J'ai donc abandonné ce roman, avant la page 200. Maman aura eu plus de souffle que moi.

En mémoire de ce livre, j'avais donné comme titre à mon article "cimetière des livres oubliés", mais finalement j'ai trouvé ça trop terrible, presque irrémédiable. Comme si en écrivant un article sur ces trois romans je les enterrais. Or ce n'est pas le cas; je me dis qu'un jour je les reprendrai peut-être ! J'ai donc choisi "épitaphe", pour garder l'idée de mausolée, mais avec une notion d'hommage.


Le dernier roman que j'ai abandonné est encore un gros roman : Le club des Incorrigibles Optimistes de Guenassia. Je suis venue à ce roman parce qu'il fait partie de la liste des romans du Goncourt des lycéens, que je dois connaître pour un travail prévu avec les élèves. Il est assez récent, mais je ne l'avais pas lu, en partie par snobisme encore. Je le confondais avec Le cercle littéraire des amateurs d'épluchures de patates", que je classais avec Anna Galvalda (que j'avais adoré quelques années auparavant. Heureusement que les goûts changent et évoluent, sinon on passerait à côté de plein d'histoires super!). Je me suis empressée de le trouver au CDI et me suis plongée dans ses 700 pages et quelques, toujours avec un grand enthousiasme et beaucoup d'espoir. C'était en plus une période de disette livresque, et je me disais qu'un livre de cette taille était une manne inespérée. Comme pour Zafon, j'ai dévoré les 100 premières pages, avec le plaisir non dissimulé de retrouver une histoire d'enfance à la manière du Chagrin de Lionel Duroy, que je n'avais jamais abandonné au contraire(ce fut même une course effrénée, de celles qui revigorent). J'étais contente de retrouver un style fluide et une atmosphère fin de guerre qui me plait toujours. Mais le problème est qu'en dehors des histoires du héros, je n'arrivais pas à m'attacher aux trop nombreux personnages. Et puis il y avait trop de notions politiques, et à chaque fois ça me bloque (je ne sais toujours pas pourquoi... mon côté Gandhi peut-être...). J'ai été tentée à un moment de sauter des passages et de m'attacher à ceux qui concernaient Michel... mais ça aurait été passer à côté de l'intérêt du roman, qui est d'allier avec justesse les deux vies, intime et publique. Je le reprendrai peut-être un jour, mais c'est un pavé ... !
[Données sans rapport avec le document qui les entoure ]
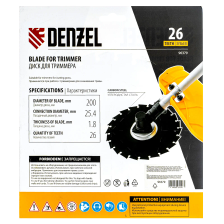 Диск для триммера Denzel c долотообразной формой зуба,  200х25,4  26 зубов - изображение 10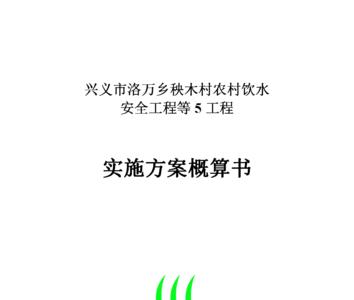 农村饮水安全工程建设管理办法2019
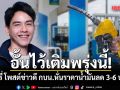 อั้นไว้เติมพรุ่งนี้! ลอรี่ โพสต์ข่าวดี กบน.สั่งหั่นราคาน้ำมันลด 3-6 บาท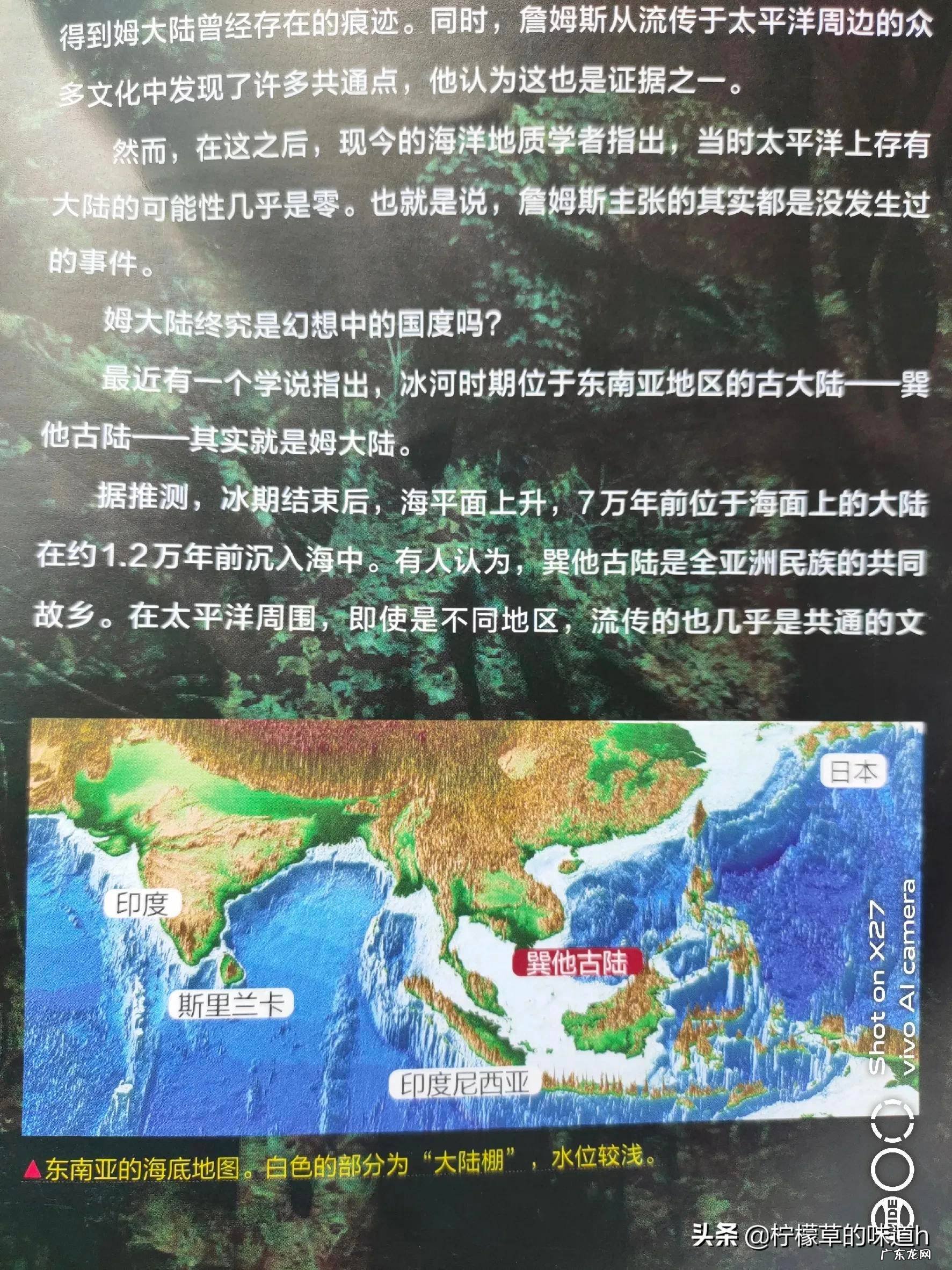 失落大陆手游下载 失落的大陆下载链接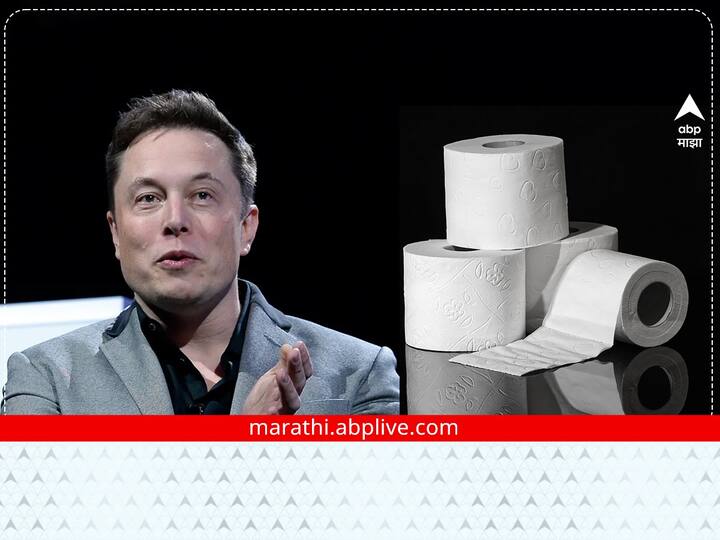 Twitter Employees Bring Their Own Toilet Paper After Elon Musk Fired Janitors Report Twitter : 'कामावर येताना टॉयलेट पेपर आणा', एलॉन मस्क यांचा कर्मचाऱ्यांना नवा आदेश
Voilà ce que je voulais vous raconter sur les dernières expériences d'abandon ...
Mais depuis j'ai retrouvé un nouveau souffle, grâce à des romans plus simples, plus guillerets, voire un peu décriés (surtout pour une snob littéraire telle que moi !).
Mes prochains articles concerneront donc :
- Le Quatrième mur (or massif au milieu d'une rivière en plaqué)
- Je vais mieux de Foenkinos
- Demain, j'arrête de Gilles Legardinier 

3 commentaires:

  1. Oh flûte, j'avais beaucoup aimé l'Ombre du vent, dommage que tu n'aies pas accroché !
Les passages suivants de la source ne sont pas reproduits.